Training PET on data which is too large to fit in RAM - Githubissues

timoschick / pet

This repository contains the code for "Exploiting Cloze Questions for Few-Shot Text Classification and Natural Language Inference"

https://arxiv.org/abs/2001.07676

Apache License 2.0

1.62k stars 283 forks source link

Training PET on data which is too large to fit in RAM #39

Closed ghost closed 3 years ago

ghost commented 3 years ago

I am training a pet model on 500gb of text. I have properly processed the data, but I can't load all my data into a variable since I don't have nearly enough RAM to do that.

chris-aeviator commented 3 years ago

Random side note: I believe other projects have been solving this with the deepspeed/ deeperspeed libraries - might need loads of rework codewise before you can use it

ghost commented 3 years ago

Oh. That's sad, because I can't any code rework on my own :(

Random side note: I believe other projects have been solving this with the deepspeed/ deeperspeed libraries - might need loads of rework codewise before you can use it

So is there no simple way to do it? Could you help me?

ghost commented 3 years ago

In what ways did they use ms deepspeed for this?

timoschick commented 3 years ago

Hi @BleepLogger, the focus of PET is few-shot learning from 0-1000 examples. I'm not sure if this is really the right library for you if you've got 500GB of data to train on. We currently don't plan any modifications to PET that would support such large training datasets, so if you really want to use PET, you'll probably have to make them yourself. However, if you just want to use the 500GB of data for pretraining, a better approach would be to first use another library for pretraining and then use the resulting model with PET

ghost commented 3 years ago

Okay, I'm willing to make those modifications on my own. How do I make them?

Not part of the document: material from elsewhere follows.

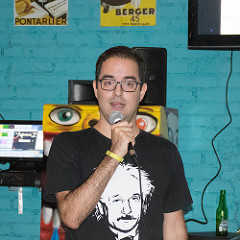 O professor Rodrigo Nemmen durante a palestra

ghost commented 3 years ago

Also, I have data in 80 parts. What if instead of fine-tuning PET on all of my data at once, I first fine-tune it on part 1, then fine-tune part 1's resulting model on part 2, and so on. Could this work?

ghost commented 3 years ago

@timoschick

timoschick commented 3 years ago

Okay, I'm willing to make those modifications on my own. How do I make them?

Sorry if I haven't been clear. What I was trying to say is that I don't know what the best way to train on such large datasets would be, so you don't just have to implement any modifications yourself, you'll also have to figure out which modifications are required on your own.